Multimodal telegram bot with voice, image & video analysis using Claude & Gemini
Workflow preview
DISCOUNT 20%
Important notice
This workflow is provided as-is. Please review and test before using in production.
Overview
What it's for:
This is a base template for anyone trying to develop a telegram AI Agent. This base allows for multiple inputs (Voice, Picture, Video, and Text inputs) to be processed by an AI model of their choosing to a get a User started. From here, the User may connect any tools that they see fit to the AI Agent for their n8n workflows.
How it works:
Input: Telegram message to a bot chat
n8n Processing: Switch node determines the type:
- Voice Message
- Picture Message
- Video Message
- Text Message
(Currently uses OpenAI and Gemini to analyze Voice/Photo/Video content but feel free to change these nodes with other models)

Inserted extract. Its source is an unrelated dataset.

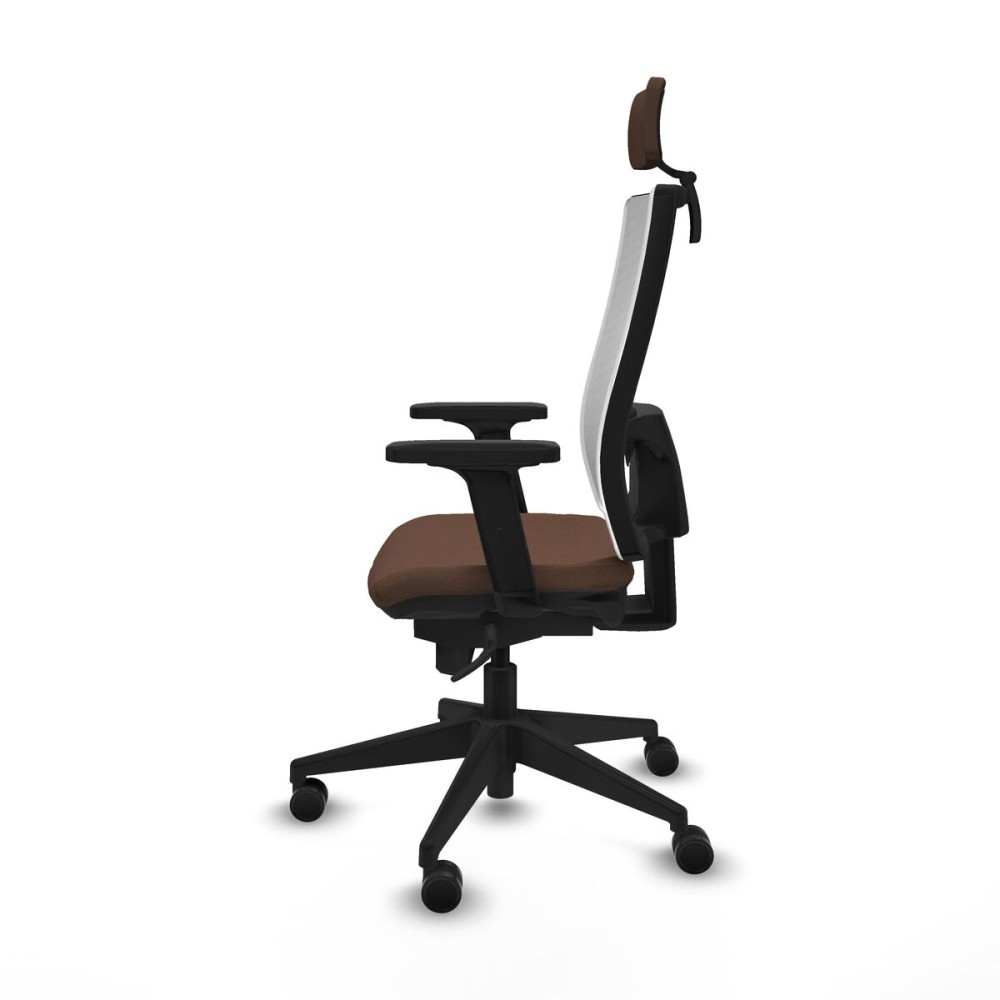 Office Chair with Headrest Piqueras y Crespo 2D066N2 White Dark brown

AI Agent Proccessing: LLM of your choosing examines message and based on system prompt, generates an output
Output: AI Output is sent back in telegram Message
How to use:
Create your chat bot and generate access token -> Search Bot father in telegram -> Type "/newbot" -> follow instructions and create access token -> Copy access token
Create Credentials in n8n -> Open telegram trigger node -> Click create credential -> Paste access token -> Save
Create LLM access token (Different per LLM but search your LLM + API in google) -> (will have to create an account with the LLM platform) -> buy credits to use LLM API -> Generate Access token -> Paste token in LLM node
Requirements:
- Telegram Bot Access Token
- Google Gemini Access Token (For Picture and Video messages)
- OpenAI Access Token (For Voice messages)
- LLM Access Token (Your preference for the AI Agent)
Customizing this workflow:
- To personalize the AI Output, adjust the system prompt (give context or directions on the AI's role)
- Add tools to the AI agent to give it more utility besides a personalied LLM (Example: Calendars, Databases, etc).